Eksctl: Private Cluster creation fails if an existing VPC uses the same RouteTable

Created on 24 Jul 2020 · 9Comments · Source: weaveworks/eksctl

What happened?

When creating a Private Cluster with user-supplied VPC, if the subnets use the same RouteTable, cluster creation fails with the following error.

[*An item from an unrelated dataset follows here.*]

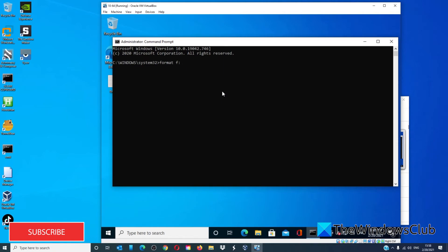Also, make sure you know the drive letter as entering a wrong drive letter will totally erase the data of the related drive. After the format, try saving something to the disk.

$ eksctl create cluster -f cluster.yaml
[ℹ]  eksctl version 0.24.0
[ℹ]  using region us-west-2
[✔]  using existing VPC (vpc-XXX...XXX) and subnets (private:[subnet-XXX...XXX subnet-XXX...XXX subnet-XXX...XXX] public:[])
[!]  custom VPC/subnets will be used; if resulting cluster doesn't function as expected, make sure to review the configuration of VPC/subnets
[ℹ]  using Kubernetes version 1.16
[ℹ]  creating EKS cluster "private-cluster" in "us-west-2" region with
[ℹ]  will create a CloudFormation stack for cluster itself and 0 nodegroup stack(s)
[ℹ]  will create a CloudFormation stack for cluster itself and 0 managed nodegroup stack(s)
[ℹ]  if you encounter any issues, check CloudFormation console or try 'eksctl utils describe-stacks --region=us-west-2 --cluster=private-cluster'
[ℹ]  CloudWatch logging will not be enabled for cluster "private-cluster" in "us-west-2"
[ℹ]  you can enable it with 'eksctl utils update-cluster-logging --region=us-west-2 --cluster=private-cluster'
[ℹ]  Kubernetes API endpoint access will use provided values {publicAccess=true, privateAccess=true} for cluster "private-cluster" in "us-west-2"
[ℹ]  2 sequential tasks: { create cluster control plane "private-cluster", update cluster VPC endpoint access configuration }
[ℹ]  building cluster stack "eksctl-private-cluster-cluster"
[ℹ]  deploying stack "eksctl-private-cluster-cluster"
[✖]  unexpected status "ROLLBACK_COMPLETE" while waiting for CloudFormation stack "eksctl-private-cluster-cluster"
[ℹ]  fetching stack events in attempt to troubleshoot the root cause of the failure
[!]  AWS::EC2::SecurityGroup/ClusterSharedNodeSecurityGroup: DELETE_IN_PROGRESS
[!]  AWS::IAM::Role/ServiceRole: DELETE_IN_PROGRESS
[✖]  AWS::EC2::SecurityGroup/ClusterSharedNodeSecurityGroup: CREATE_FAILED – "Resource creation cancelled"
[✖]  AWS::IAM::Role/ServiceRole: CREATE_FAILED – "Resource creation cancelled"
[✖]  AWS::EC2::SecurityGroup/ControlPlaneSecurityGroup: CREATE_FAILED – "Resource creation cancelled"
[✖]  AWS::EC2::VPCEndpoint/VPCEndpointS3: CREATE_FAILED – "Property RouteTableIds contains duplicate values."
[!]  1 error(s) occurred and cluster hasn't been created properly, you may wish to check CloudFormation console
[ℹ]  to cleanup resources, run 'eksctl delete cluster --region=us-west-2 --name=private-cluster'
[✖]  waiting for CloudFormation stack "eksctl-private-cluster-cluster": ResourceNotReady: failed waiting for successful resource state
Error: failed to create cluster "private-cluster"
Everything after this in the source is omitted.